Our research program aims to identify the mechanisms by which normal cells (lymphocytes) and tumor cells (ovarian and breast cancer) perceive and respond to their environment. In particular, we are investigating the signaling mechanisms utilized by the T-cell receptor CD28 and interleukin-2 receptor (IL-2R) in lymphocytes. During this process, we have cloned a number of different tyrosine kinases and are utilizing molecular mutagenesis and biochemical techniques to determine their mechanism of action. One of these unique kinases (EMT/ITK) is a major signaling molecule in T-cell activation; the other (TTK) plays a role in cell-cycle progression, particularly during the G2/M transition. We demonstrated that mice that lack the SHP-1 tyrosine phosphatase have a greatly elevated propensity to develop leukemias, lymphomas, and breast cancer. Further, the recently identified phosphatase tumor suppressor gene MMAC1 is deleted or mutated in a number of leukemias and T-cell lines. Strikingly, EMT, SHP-1, and MMAC1 all regulate signaling through a PI-3K pathway. The mission of the laboratory is to understand the mechanisms by which signal transduction is linked to proliferation, invasion, and programmed cell death in T lymphocytes and in breast and ovarian cancer.

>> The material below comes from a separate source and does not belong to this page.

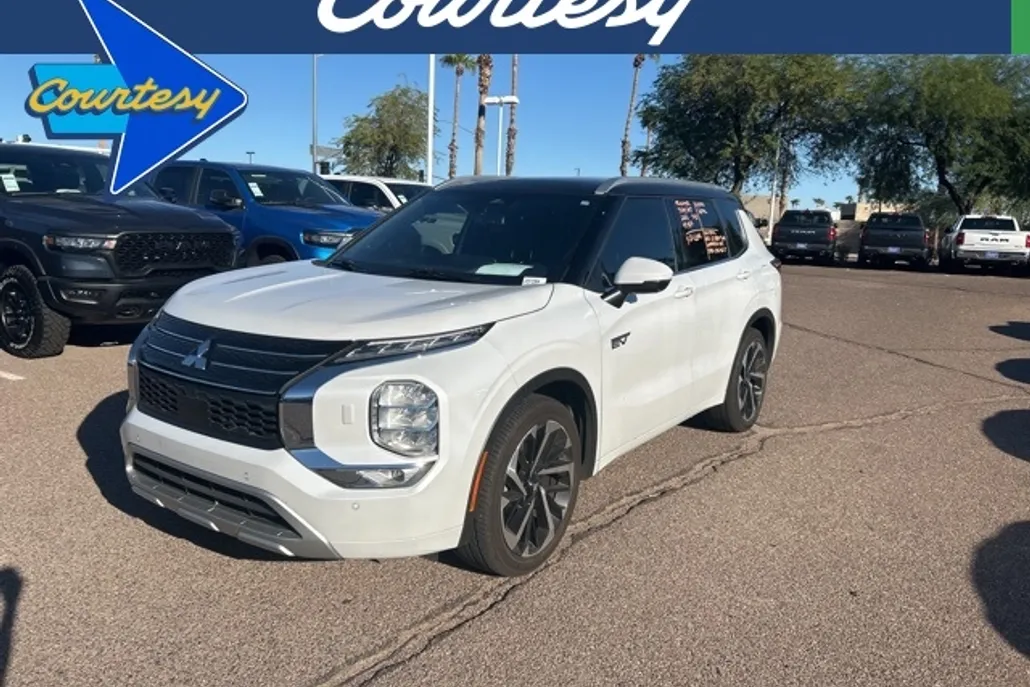 2023 Mitsubishi Outlander PHEV SEL photo 1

We recently identified a unique phospholipid growth factor, OCAF, in the ascites of ovarian cancer patients. OCAF, which is composed of a number of forms of lysophosphatidic acid, is the most potent growth factor yet identified for ovarian and breast cancer cells. We demonstrated that OCAF increases cell proliferation, increases invasion, and alters drug-induced programmed cell death, all of which suggests that it may play a role in the prognosis of a variety of cancers. We identified drugs that alter the production and function of this factor through its specific cell-surface receptor. Remarkably, OCAF levels are elevated in patients with early ovarian cancer, making this a potential new screening method for cancer. We will explore the role of OCAF in early diagnosis, establishment of prognosis, monitoring of therapy, and therapy of breast and ovarian cancer patients.

IL-2 and a number of cytokines and growth factors increase cell survival. These effects could either be direct or result from collaboration with other factors in the extracellular milieu. Strikingly, in the absence of serum, IL-2, IL-3, fibroblast growth factor, and epidermal growth factor all induce accelerated apoptosis. This is caused by the induction of the pro-apoptotic mediators BAX and myc by cytokines in the absence of induction of protective members of the BCL2 family.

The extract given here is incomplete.